Croatian Mathematical Olympiad

Let $P(x,y)$ denote plugging $x$ and $y$ into the original equation. We have $$\begin{array}{rl}P(0,1)& :f(0)=0,\\ P(1,1)& :f(f(1))=f(1),\\ P(1,f(1))& :f(f(f(1)))=(1-f(1))f(f(1))+f(1{)}^{2}f(f(1)).\end{array}$$ By combining the second and the third equality we get $$f(1)=(1-f(1))\cdot f(1)+f(1{)}^3,\text{i.e.}f(1{)}^2=f(1{)}^3.$$ From this we have two options: $f(1)=1$ or $f(1)=0$.

If $f(1)=1$, we get $$P(x,1):f(x)=x^2,$$ so $f(x)=x^2$ should hold for all real $x$. By plugging this into the original equation we can conclude that this is not possible. Hence, $f(1)=0$ must hold.

Let $c$ be an arbitrary root of the function $f$. We have $$P(x,c):0=(1-c)f(xc).$$ Therefore, if $c\ne 1$, $f(cx)=0$ must hold for all $x\in \mathbb{R}$. If $c\ne 0$ this implies that $f(x)=0$ for all $x\in \mathbb{R}$. We check directly that $f\equiv 0$ is indeed a possible solution of the original equation.

Now assume that $f$ is not identically equal to 0. Calculations above show in that case 0 and 1 are the only roots of the function $f$. Now we have $$P(1,y):f(f(y))=(1-y)f(y)+y^{2}f(y)=(1-y+y^2)f(y),(1)$$ and for $x\ne 0$ $$P\left(\frac{1}{x},x\right):f\left(\frac{f(x)}{x}\right)=f(x),(2)$$ since $f(1)=0$.
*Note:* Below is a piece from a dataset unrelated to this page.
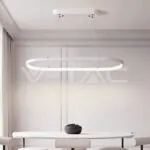 V-TAC VT-10056 24W LED Висяща Лампа (80*20*100CM) 3000K Бяло Тяло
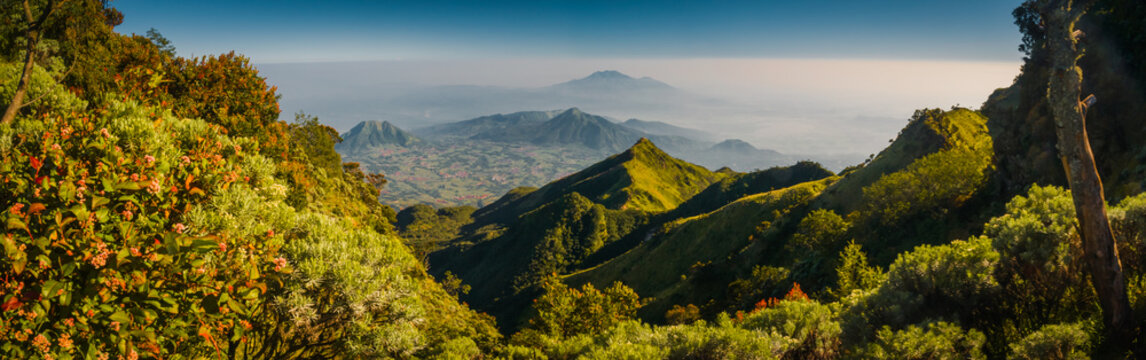 Beautiful mountains in Java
Let $y_1,y_2\in \mathbb{R}\setminus \{0,1\}$ be such that $f(y_1)=f(y_2)\ne 0$. Then from (1) it follows that $$1-y_1+y_1^2=1-y_2+y_2^2,\text{i.e.}(y_1-y_2)(y_1+y_2-1)=0.$$ We conclude that $$f(y_1)=f(y_2)⟹y_1=y_2\text{ or }{y}_1+y_2=1.(3)$$ By combining (2) and (3) we get that for all $x\ne 0,1$ we have $$\frac{f(x)}{x}=x\text{ or }\frac{f(x)}{x}+x=1,$$ i.e. $$f(x)=x^2\text{ or }f(x)=x-x^2.$$ Let $x\in \mathbb{R}\setminus \{0,1\}$ be such that $f(x)=x^2$. By plugging $y=x$ into (1) we get $$f(x^2)=(1-x+x^2)x^2.$$ Now we have two cases: $f(x^2)=x^4$ and $f(x^2)=x^2-x^4$. In the first case, we get $x^4=(1-x+x^2)x^2$, from which we can easily conclude that $x=0$ or $x=1$. Since we assumed $x\notin \{0,1\}$, this is not possible. In the second case, we get $x^2-x^4=(1-x+x^2)x^2$, from which we can conclude $x=0$ or $x=\frac{1}{2}$. Again, we can dismiss $x=0$, and for $x=\frac{1}{2}$ we can note that $f(\frac{1}{2})=(\frac{1}{2}{)}^2=\frac{1}{4}=\frac{1}{2}-(\frac{1}{2}{)}^2$. This shows that $f(x)=x-x^2$ holds for all $x\ne 0,1$. Since this formula holds for $x=0,1$ as well, we can conclude that $$f(x)=x-x^2,\forall x\in \mathbb{R}.$$ By plugging this directly into the original equation, we can confirm that this is indeed a solution. Therefore, the only solutions of the original equation are $f=0,\forall x\in \mathbb{R}$ and $f(x)=x-x^2,\forall x\in \mathbb{R}$.